By Alex Wilson
The gruesome mentality and action of war is, at the root, instinctual. What is the purpose of war? Some might argue to protect homeland, family, and a way of life. Others would argue war exists to further ideals into those who do not share them. The purpose of war, like so many things in this ever-tenuous world we live in, seems to be in the eye of the beholder.
Then what exists as the opposite of war? The obvious and most bolded answer would be peace. War, though, like peace, exist as tenuous terms. The old adage of one man's terrorist is another man's freedom fighter comes to mind. This state of conflict, again seems to be in the eye of the beholder so if war were to be boiled down to one core idea what would it be?
The late Jonathan Larson wrote in his award winning musical Rent "The opposite of war isn't peace, it's creation."
Larson seems to classify war as destruction, the opposite of which being creation.

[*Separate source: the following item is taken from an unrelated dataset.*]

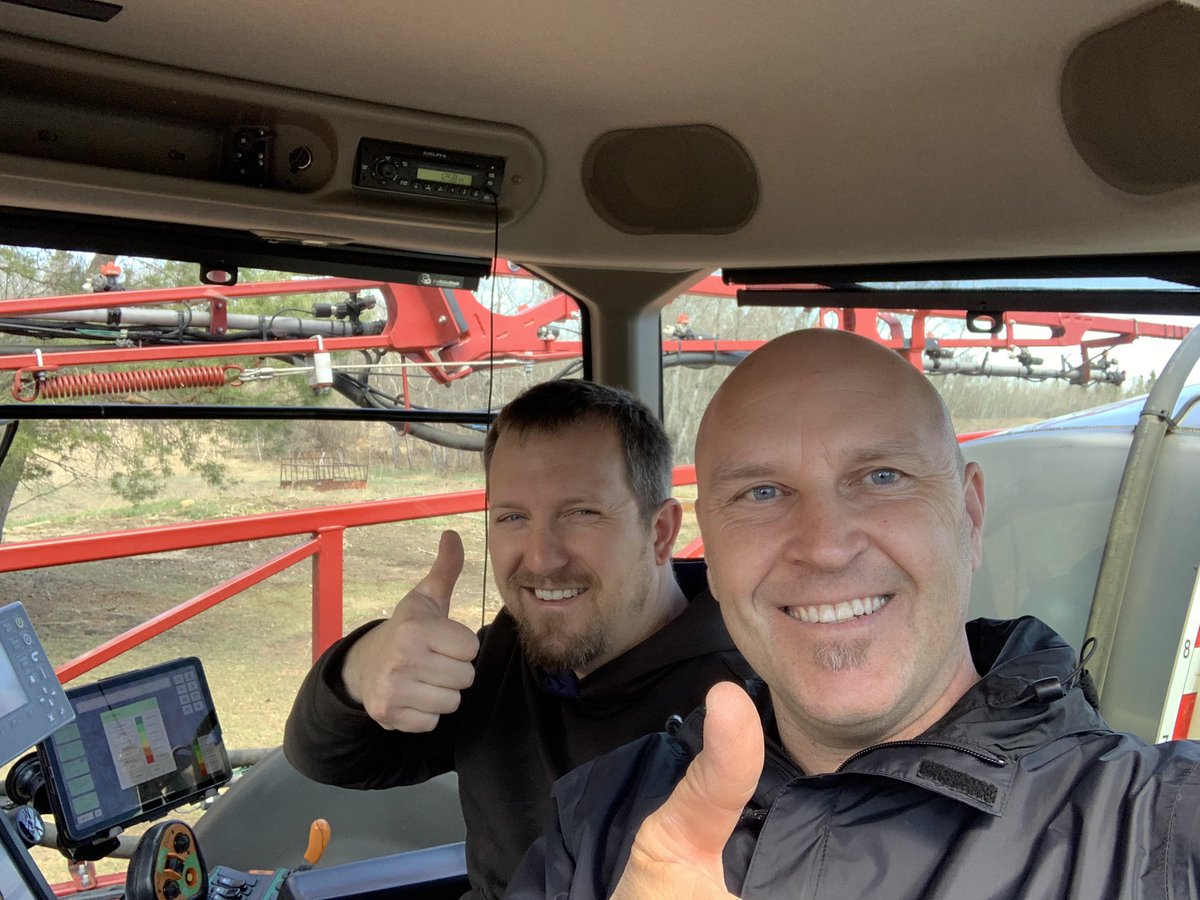 robmakowsky's tweet photo. Thumbs up and smiles today in northern Saskatchewan getting this farmer and custom applicator all set up to roll on FieldView!
#Spray22 #WestCdnAg #FieldViewReady
@FieldViewCanada @Bayer4CropsCA https://t.co/HSmExvtZsE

This doesn't seem like a far-fetched idea. Destruction seems at least to be a guiding overtone when the mind conjures up images of war. In particular, my mind drums up memories of photos depicting war torn Paris during the Nazi occupation. A truly desolate wasteland of destruction presents itself to the popular culture, doing so through video games, Hollywood movies, and in the shared collective identity of us all.
I think many people can identify with this assertion because it feels the most human, the most insightful. The opposite of war not being peace but destruction contains a poetic quality, becoming more apparent when you learn the idea comes from musical theater.
Brian K. Vaughn, the writer behind Y: The Last Man, and more recently Saga, poses a different counter balance to war. An idea universally present in war is inflicting pain, to do so for homeland, family, and even a way of life. These motivations exist as justifications but war does not bring about democracy, freedom, or independence. No, these noble endeavors come only after the fighting is done and the pain has stopped. The democracy and freedom or new regimes scab over the pain, leaving scars of conflict. The purpose of war, it seems, is to beat an opponent into submission.
Vaughn asserts in the 17th issue of Saga that the opposite of war is not peace, nor creation, but "fucking." Some might find the difference between creation and fucking to be a trivial one but I feel the choice of language is more deliberate. Creation obviously implies creating or making, taking something that didn't exist before and throwing it into the world. Fucking, on the other hand, appears to have a different intention. The act of fucking, as known in our more modern vernacular, is to inflict pleasure, on one's self or another, or several others. Oh course, fucking can lead to creation but, again, creation comes after the fucking is done.
Fucking stands different than the term "lovemaking" as lovemaking directs the mind towards a duo, a couple which cares deeply for each other. War, as presented in Saga, is chaotic, senseless, and does not care who it harms. Fucking, like the idea of war presented, is, more or less, blind like war, regarding not who pleasure is inflicted on but simply that it is.
Alex Wilson dropped out of cub scouts at an early age after he refused to sell popcorn for "the man." Since then his life has entered into a downward spiral. He lives in the sinful world of comic books, folk punk, and seedy tattoo shops. You can find him bare knuckle boxing to pay his rent or tweeting about Teen Wolf on his Twitter, @mralexwilson.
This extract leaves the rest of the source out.